Norm concentration of trigonometric polynomials - Uncertainty principle Hi all, 
I am interested in the following question (which is quite similar to one I posed a long while ago): Let $P_{N}(t)=\underset{k=-N}{\overset{N}{\sum}}c_{k}e^{ikt}$ be a unit norm trigonometric polynomial, we look at it as a function of $L^{2}\left(\mathbb{T}\right)$.
I'd like to find a direct proof to the fact that there exists $\varepsilon>0$ such that for every $N$ and every such polynomial $P_{N}$ we have $\underset{E}{\int}|{P_{N}( t)}|^{2}dt\leq1-\varepsilon$ whenever $E\subset\mathbb{T}$ of measure $|E|=\frac{c}{N}$, and   $c>0$ is some absolute constant. I would be happy with a proof only in the case $E$ is an interval, if it is any different than the general case.

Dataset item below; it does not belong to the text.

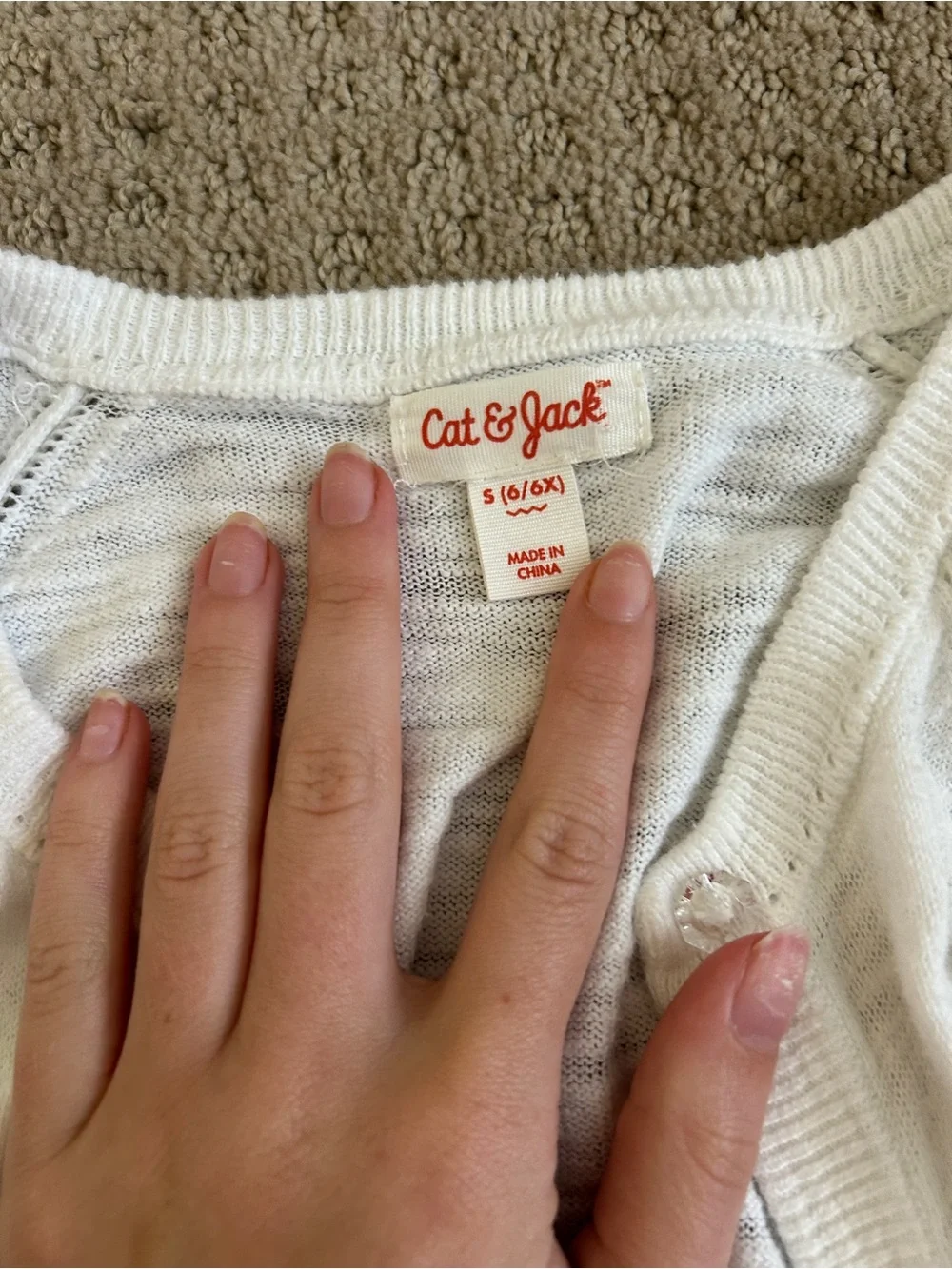 Cat & Jack White Lightweight Knit Cardigan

To rephrase the statement; one cannot concentrate the norm of a trigonometric polynomial of degree $N$ on an interval (or any measurable set) of length (measure) of the order of magnitude $\frac{1}{N}$.
Let me comment that there is a result by Nazarov which implies this but it is way too general for my purposes.

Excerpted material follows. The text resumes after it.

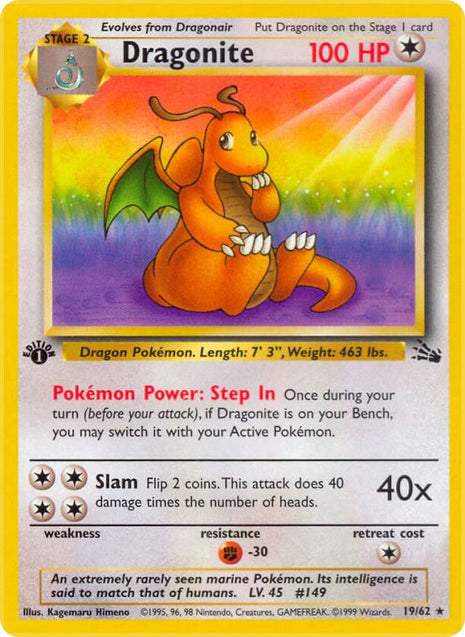 Dragonite (19) - Fossil - Unlimited - Heavily Played (HP)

 A: Let's talk about algebraic polynomials (just multiply by $z^N$). Let $P$ be a polynomial of degree $N$. Let $\max|P|=1$ and assume that this maximum is attained at some point $p$. Take the disk $D$ of radius $10C/N$ centered at $p$. Note that $z^{-N}P(z)$ satisfies the maximum principle in the complement of the unit disk and $P(z)$ satisfies the maximum principle in the disk itself, so $|P|<e^{10C}$ in $D$. Rescale $D$ to the unit disk $\mathbb D$ and divide by $e^C$. You'll get a bounded by $1$ function $F$ that is $e^{-10C}$ at the center. 
Now it is the usual story about subharmonicity of the logarithm of an analytic function. Let $H$ be any closed set on the circular arc passing through the origin on which $F$ is very small. Suppose that the length of $H$ is $1/2$ or more. Consider the function
$$
U(z)=\int_H\log \frac{|z-w|}{|1-\bar wz|}d\ell(w)
$$
It is easy to see that $U\ge -A$ in $\mathbb D$, harmonic in $\mathbb D\setminus H$, $U=0$ on the unit circumference, and $U(0)\le -a$ for some absolute $a,A>0$. If $|F|\le e^{-10CA/a}$ everywhere on $H$, then $\log|F|\le (10C/a)U$ on the boundary of $\mathbb D\setminus H$ and, thereby, $\log|F(0)|\le -10C$, which is not the case. Thus, the minimum of $|F|$ over every set $H$ of length $1/2$ or more is bounded from below. Coming back to the original problem, we see that $|P|$ is bounded from below by some constant depending on $C$ on at least half of the arc of length $10C/N$, so we have plenty of noticeable values outside any set of measure $C/N$.
This trick is pretty old and goes back to Bernstein. There is also another approach due to Remez (moving zeroes and looking at the level sets). You are 100% right when saying that you do not need the Turan type bounds and the related fancy techniques for this problem. :)